Structure: Bermudian Incorporated Mutual Fund
Annualised Return: 14.5%
Term: 5 years
Redemption: At will (at NAV, pay-out within 60 days)
Base Currency: Sterling GBP
Min Investment: £10,000
Subscription Fee: 5%
Management Fee: 1.5%pa (fixed, not on increasing NAV)
Performance Fee: 20% of profits on maturity
Investment Adviser: Contact Us – Available only to eligible persons and regulated advisors
Administrator: Contact Us – Available only to eligible persons and regulated advisors
Auditor: Contact Us – Available only to eligible persons and regulated advisors
Valuations: Independently by Liv-ex, the fine wine exchange (www.liv-ex.com)
NAV: Calculated monthly
Reporting: Quarterly
Performance: Last 3 months -3.6%
Performance: Last 12 months 14.0%
Performance: Last 3 years 24.5%
Performance: Last 5 years 85.2%
Performance correct as at 30 Aug 2011
Fine wine is an asset class that many of us can relate to, and possibly to some extent have invested in directly.
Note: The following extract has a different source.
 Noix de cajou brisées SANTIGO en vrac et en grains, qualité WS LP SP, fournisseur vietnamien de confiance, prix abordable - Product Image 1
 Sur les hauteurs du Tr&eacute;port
The questions to this approach however are:
On what investment criteria are we purchasing cases?
Are we buying at the best possible price in the market?
How do we monitor the market to exit at the optimum value?
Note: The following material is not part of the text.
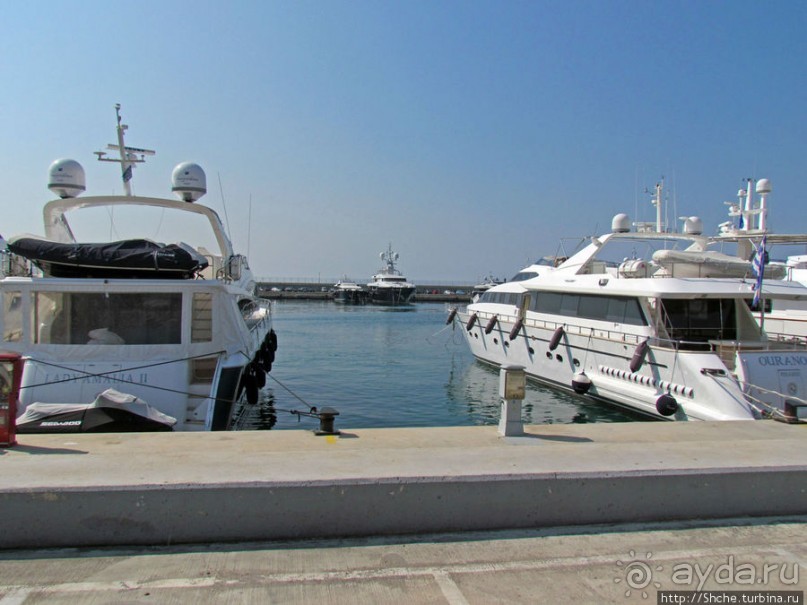 "Flisvos Marina" — крупнейшая парковка для частных яхт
The asset class however is non-correlated to equities, and historically has shown steady long term growth with relatively low volatility. Ultimately a diversified portfolio of investment grade wine, managed by a proven, skilful and highly knowledgeable manager with significant analysis resources and risk management expertise may fit in many portfolios.
The fact that investment in wine benefits from the “wasting asset rule” means that the returns generated from the Limited Partnership are free from capital gains tax (CGT) is a significant benefit for onshore investors who are not holding the investment within a tax wrapper such as a SIPP.
The manager has an institutional approach to managing this asset class with risk management firmly at the core of their investment strategy. The key members of the management team have strong investment track records across multiple asset classes previously, and view fine wine simply as an asset class, as opposed to coming at it from connoisseurs perspective, removing any emotional attachments to any particular wine, chateaux or vintage per se.
The investment style is based on a buy and hold strategy, with the portfolio being rebalanced on a quarterly basis. The manager reduces volatility further by avoiding investment into en primeur wines which is demonstrably shown to be more volatile, with typically lower returns than investing in more mature wines.